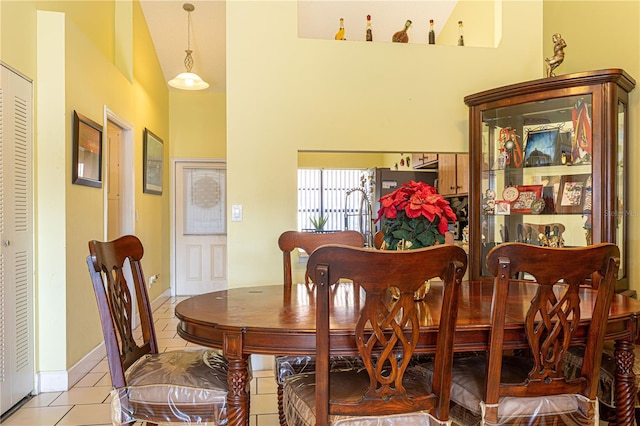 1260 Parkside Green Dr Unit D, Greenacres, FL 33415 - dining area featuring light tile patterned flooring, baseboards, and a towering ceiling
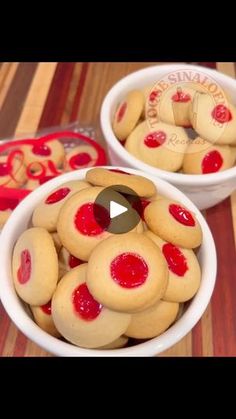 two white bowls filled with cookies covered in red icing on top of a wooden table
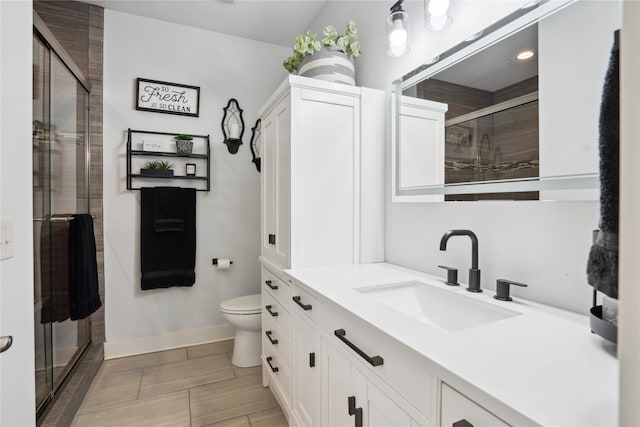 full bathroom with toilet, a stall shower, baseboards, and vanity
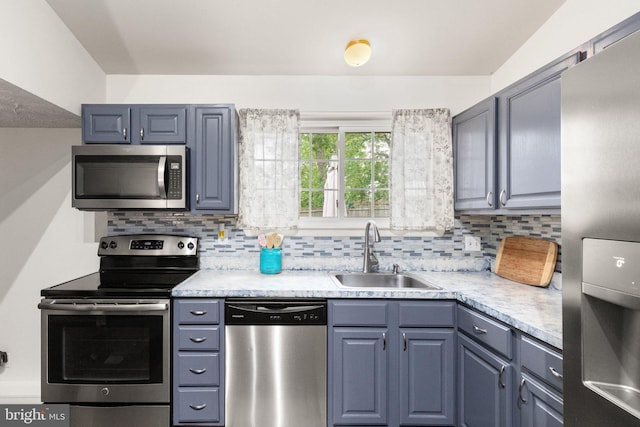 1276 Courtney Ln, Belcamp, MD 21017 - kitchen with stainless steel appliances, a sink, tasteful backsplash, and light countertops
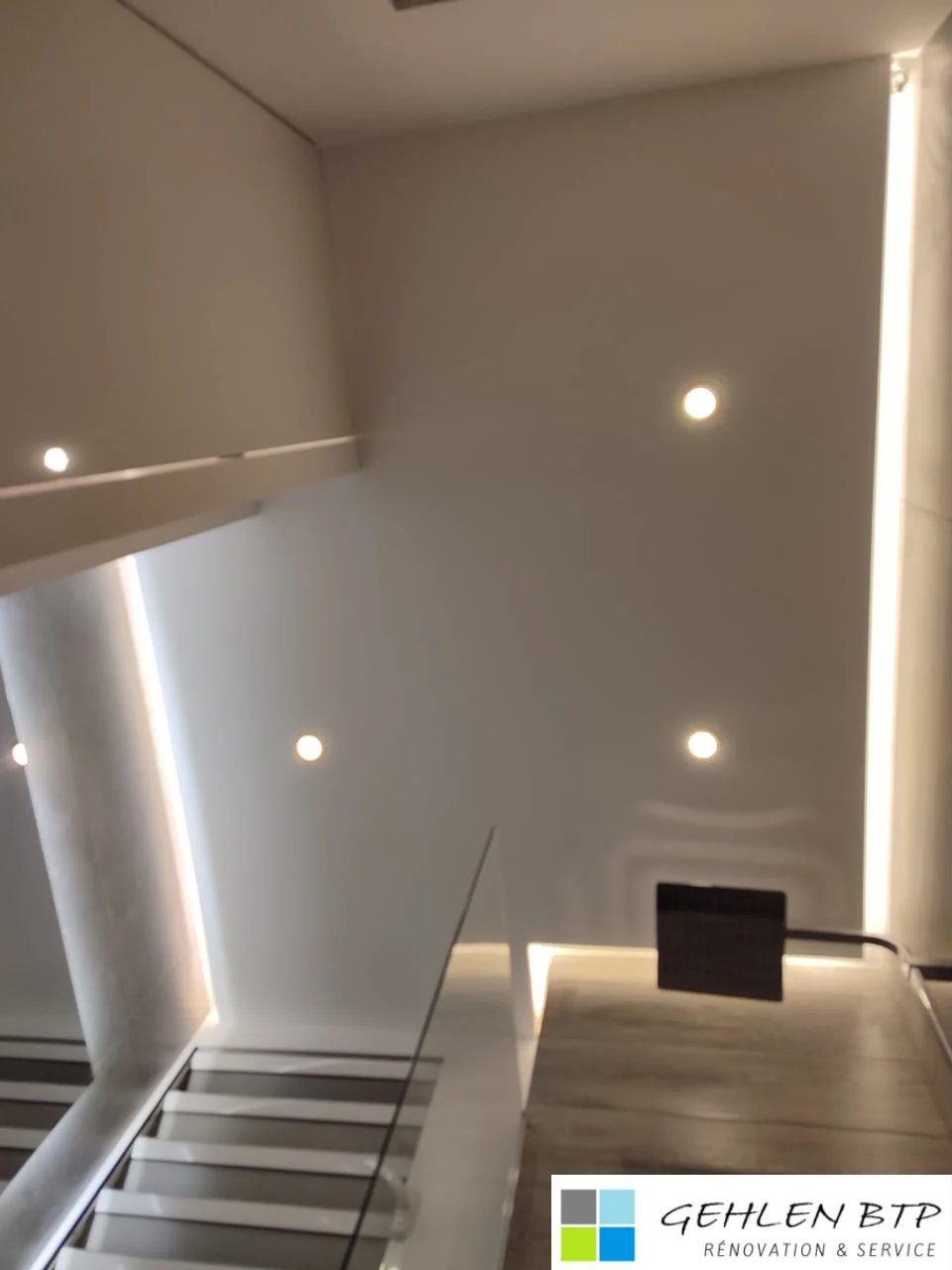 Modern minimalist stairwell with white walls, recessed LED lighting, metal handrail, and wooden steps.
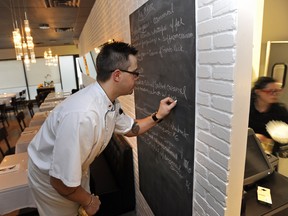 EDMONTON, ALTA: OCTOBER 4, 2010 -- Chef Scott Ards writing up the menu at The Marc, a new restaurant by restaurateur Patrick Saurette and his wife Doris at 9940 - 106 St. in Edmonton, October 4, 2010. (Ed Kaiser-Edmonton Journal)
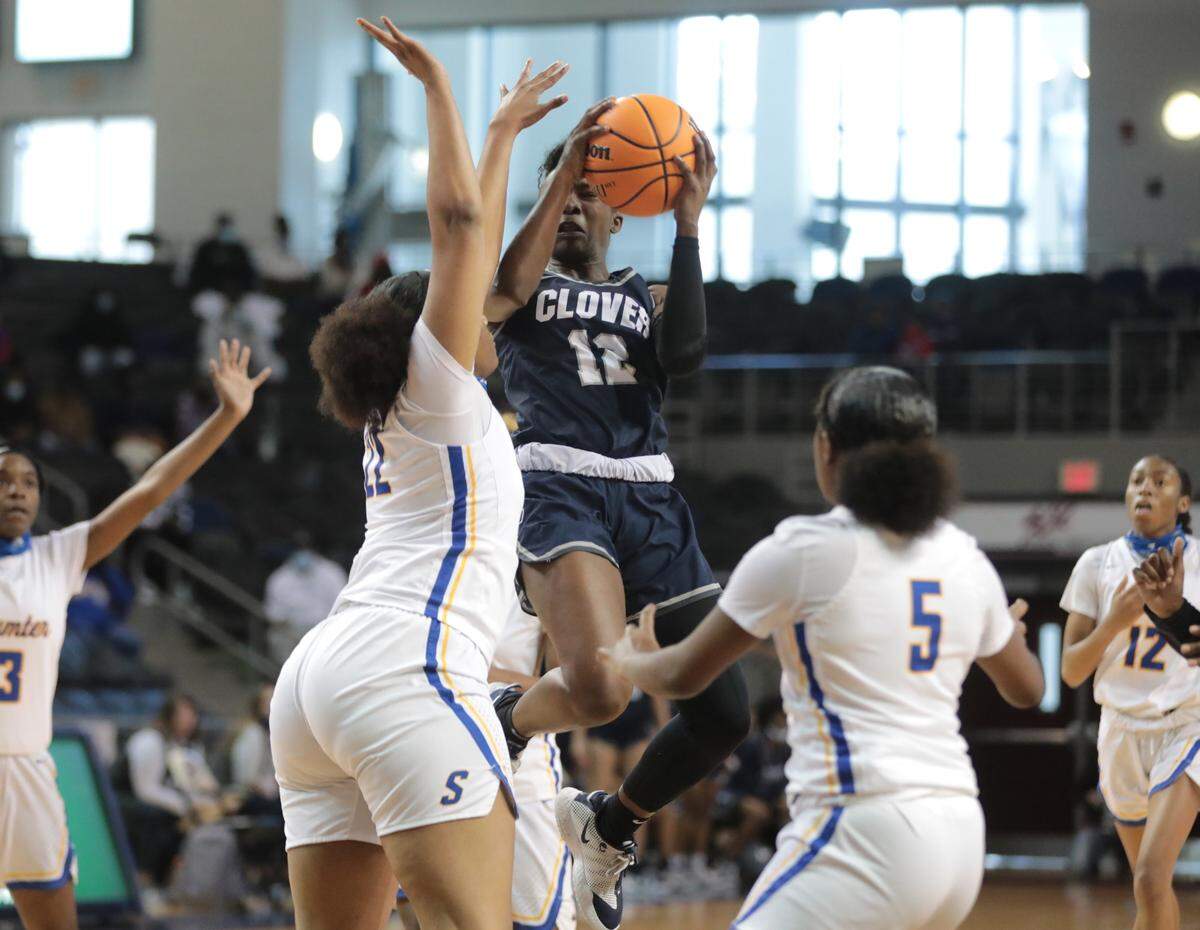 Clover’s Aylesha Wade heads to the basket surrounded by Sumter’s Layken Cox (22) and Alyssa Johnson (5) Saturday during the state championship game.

□ □ □

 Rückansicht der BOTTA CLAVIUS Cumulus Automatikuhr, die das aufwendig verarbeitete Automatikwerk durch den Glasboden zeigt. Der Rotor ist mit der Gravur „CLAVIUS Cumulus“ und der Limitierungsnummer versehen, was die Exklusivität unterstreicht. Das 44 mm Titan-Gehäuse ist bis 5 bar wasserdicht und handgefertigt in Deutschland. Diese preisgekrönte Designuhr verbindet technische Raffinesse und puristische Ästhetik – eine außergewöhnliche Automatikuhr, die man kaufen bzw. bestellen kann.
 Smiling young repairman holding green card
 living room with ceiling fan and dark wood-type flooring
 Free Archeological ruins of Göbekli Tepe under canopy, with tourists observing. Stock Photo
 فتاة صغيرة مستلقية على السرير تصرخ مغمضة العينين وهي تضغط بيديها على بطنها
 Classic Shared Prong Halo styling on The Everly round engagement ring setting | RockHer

□ □ □

Given the records above, restate word for word only the lines starting at the one with "فتاة صغيرة مستلقية" and ending at the one with "Classic Shared Prong".

 فتاة صغيرة مستلقية على السرير تصرخ مغمضة العينين وهي تضغط بيديها على بطنها
 Classic Shared Prong Halo styling on The Everly round engagement ring setting | RockHer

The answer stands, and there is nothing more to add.